■ Input data
= Beginning of Section =

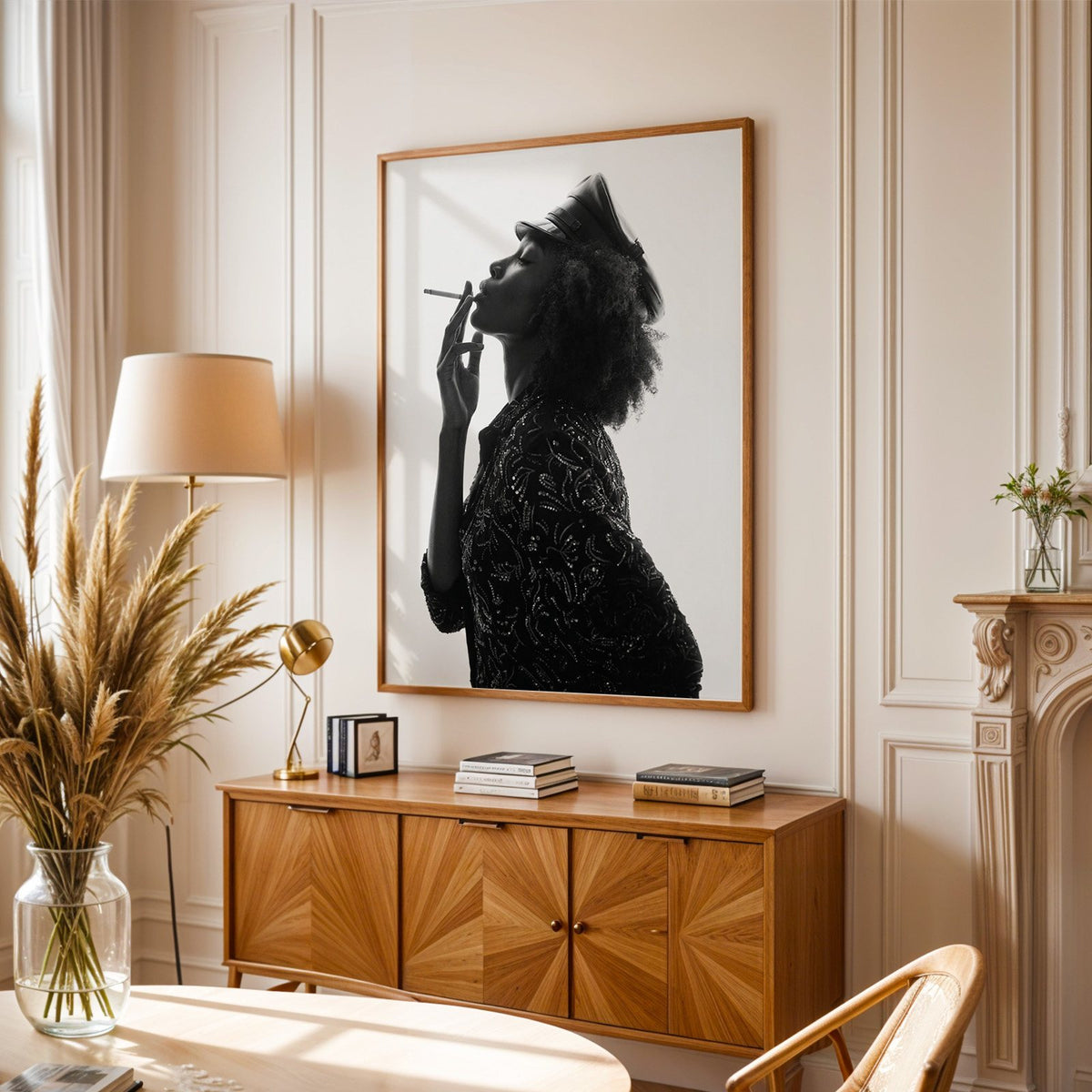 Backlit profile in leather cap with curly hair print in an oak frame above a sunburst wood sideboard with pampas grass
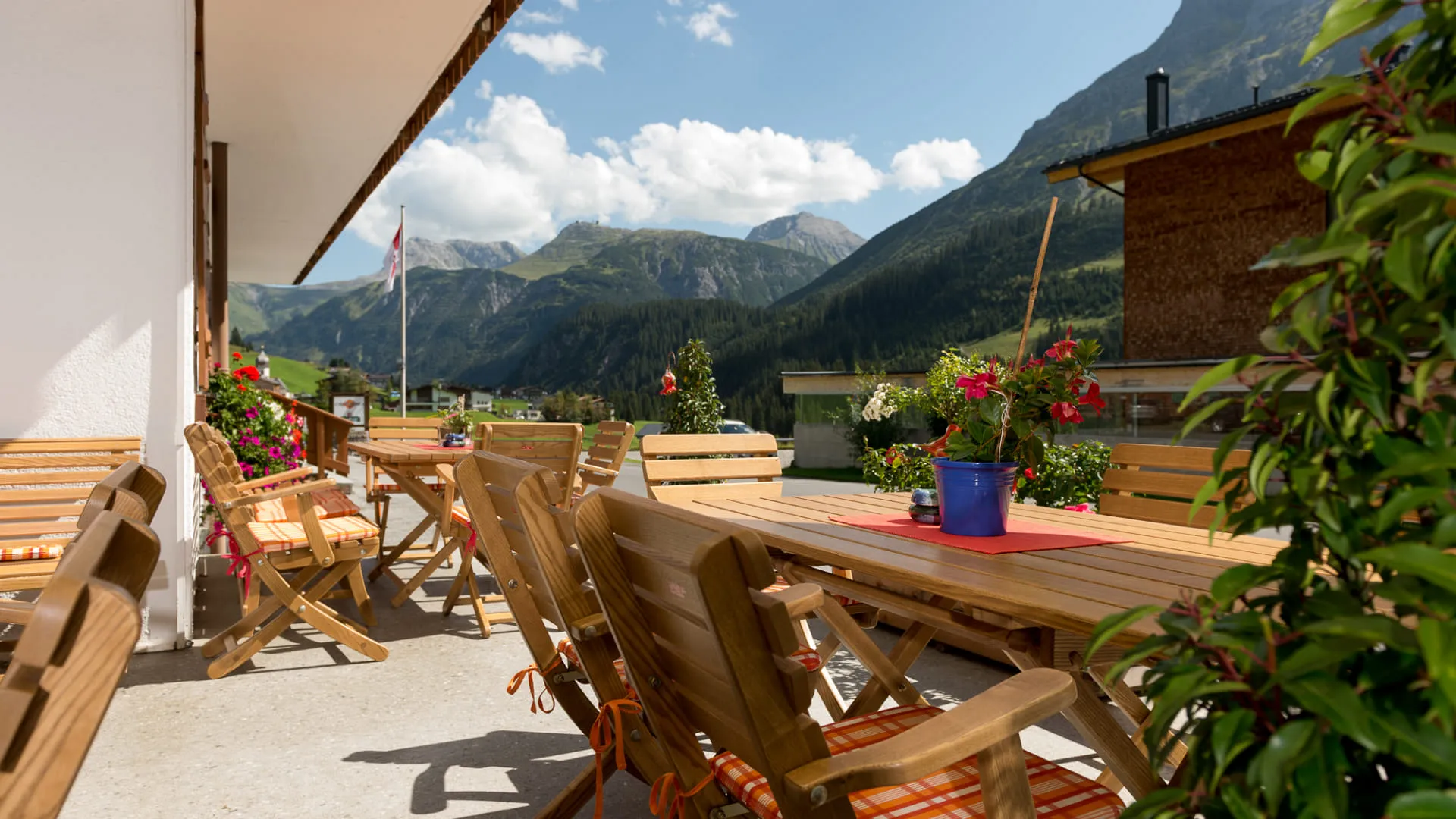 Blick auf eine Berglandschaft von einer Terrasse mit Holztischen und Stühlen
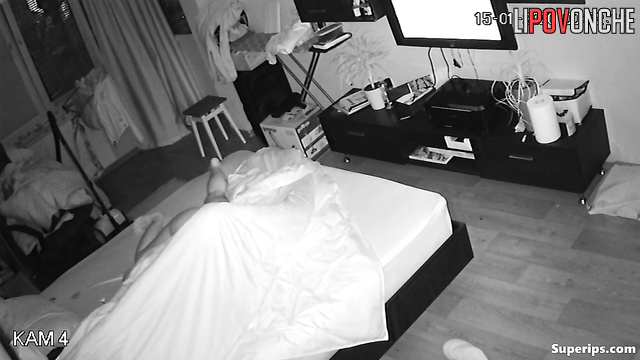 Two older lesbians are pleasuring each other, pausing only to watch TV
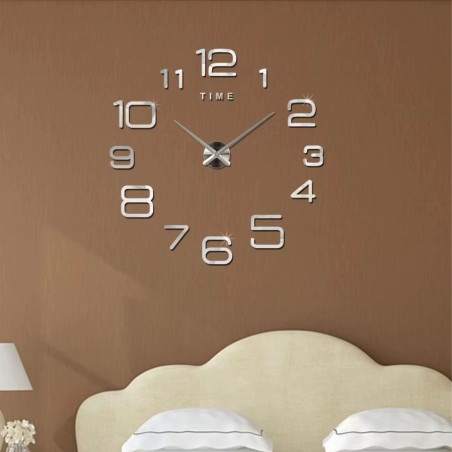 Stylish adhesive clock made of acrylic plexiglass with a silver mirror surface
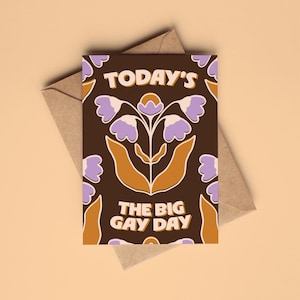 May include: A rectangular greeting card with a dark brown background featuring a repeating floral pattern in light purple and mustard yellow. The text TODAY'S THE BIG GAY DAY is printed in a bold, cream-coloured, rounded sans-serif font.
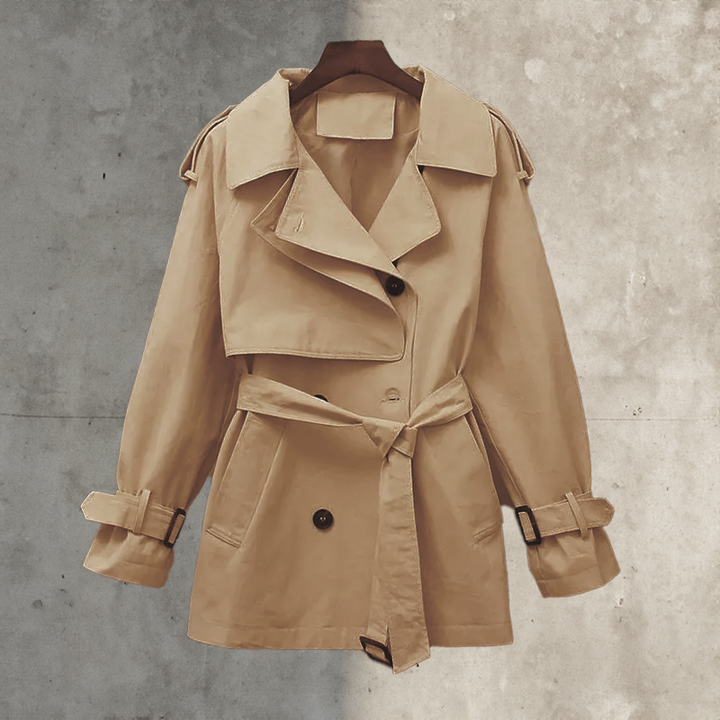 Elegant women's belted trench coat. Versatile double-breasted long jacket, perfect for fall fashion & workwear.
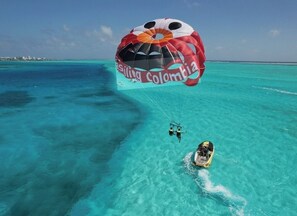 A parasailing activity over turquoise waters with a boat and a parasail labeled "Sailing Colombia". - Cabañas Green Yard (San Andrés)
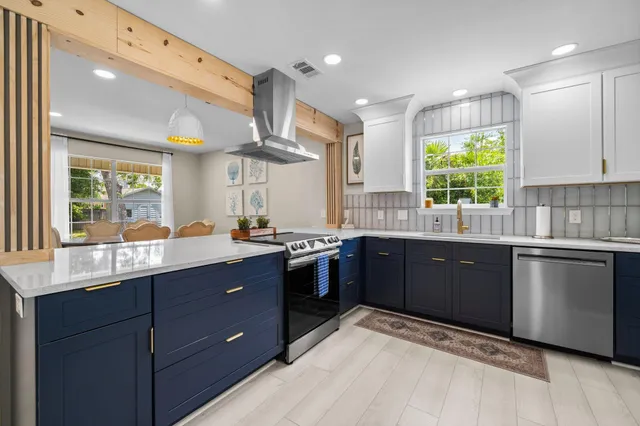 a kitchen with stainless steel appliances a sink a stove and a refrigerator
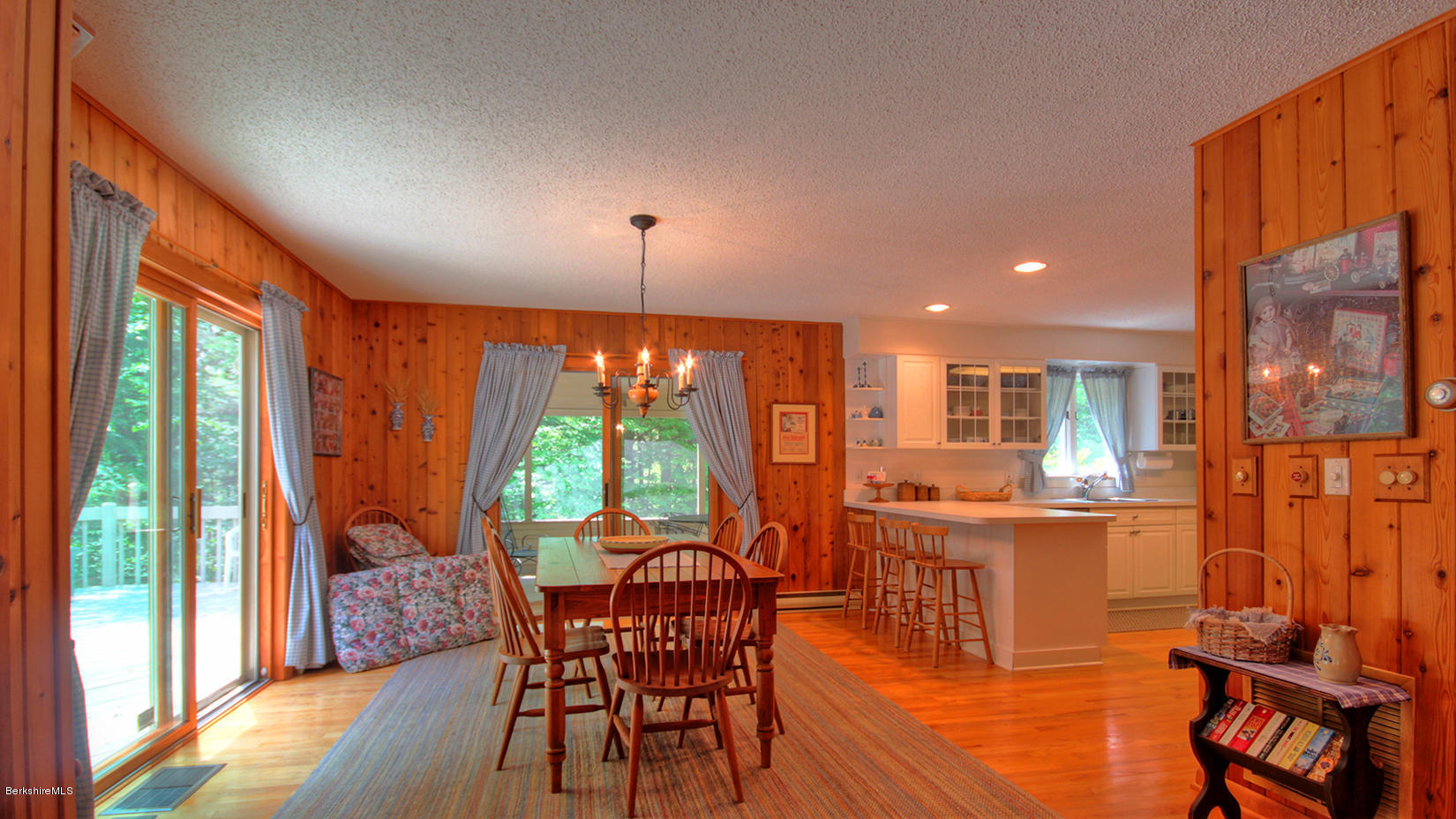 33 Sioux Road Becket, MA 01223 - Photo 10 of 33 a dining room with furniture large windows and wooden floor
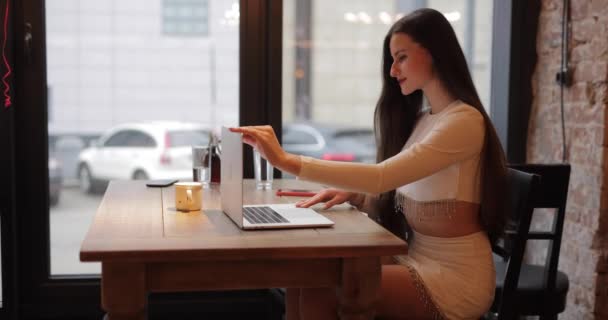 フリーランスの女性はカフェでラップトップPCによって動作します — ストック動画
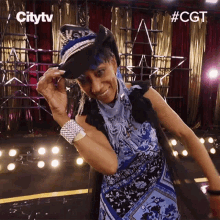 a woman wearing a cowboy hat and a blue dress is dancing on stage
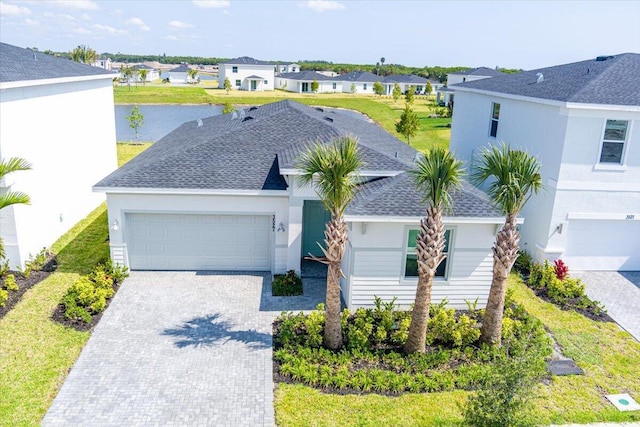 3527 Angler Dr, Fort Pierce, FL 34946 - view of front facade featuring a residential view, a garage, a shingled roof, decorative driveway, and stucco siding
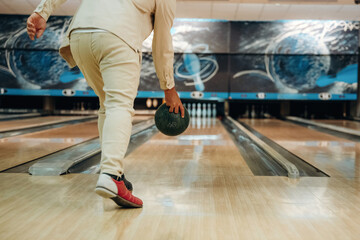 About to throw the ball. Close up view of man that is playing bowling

= End of Section =

■ Problem requirements
Repeat the lines of the records verbatim, starting at the line containing "A parasailing activity" and stopping after the final line. Images stay out.

■ Answer to the exercise
 A parasailing activity over turquoise waters with a boat and a parasail labeled "Sailing Colombia". - Cabañas Green Yard (San Andrés)
 a kitchen with stainless steel appliances a sink a stove and a refrigerator
 33 Sioux Road Becket, MA 01223 - Photo 10 of 33 a dining room with furniture large windows and wooden floor
 フリーランスの女性はカフェでラップトップPCによって動作します — ストック動画
 a woman wearing a cowboy hat and a blue dress is dancing on stage
 3527 Angler Dr, Fort Pierce, FL 34946 - view of front facade featuring a residential view, a garage, a shingled roof, decorative driveway, and stucco siding
 About to throw the ball. Close up view of man that is playing bowling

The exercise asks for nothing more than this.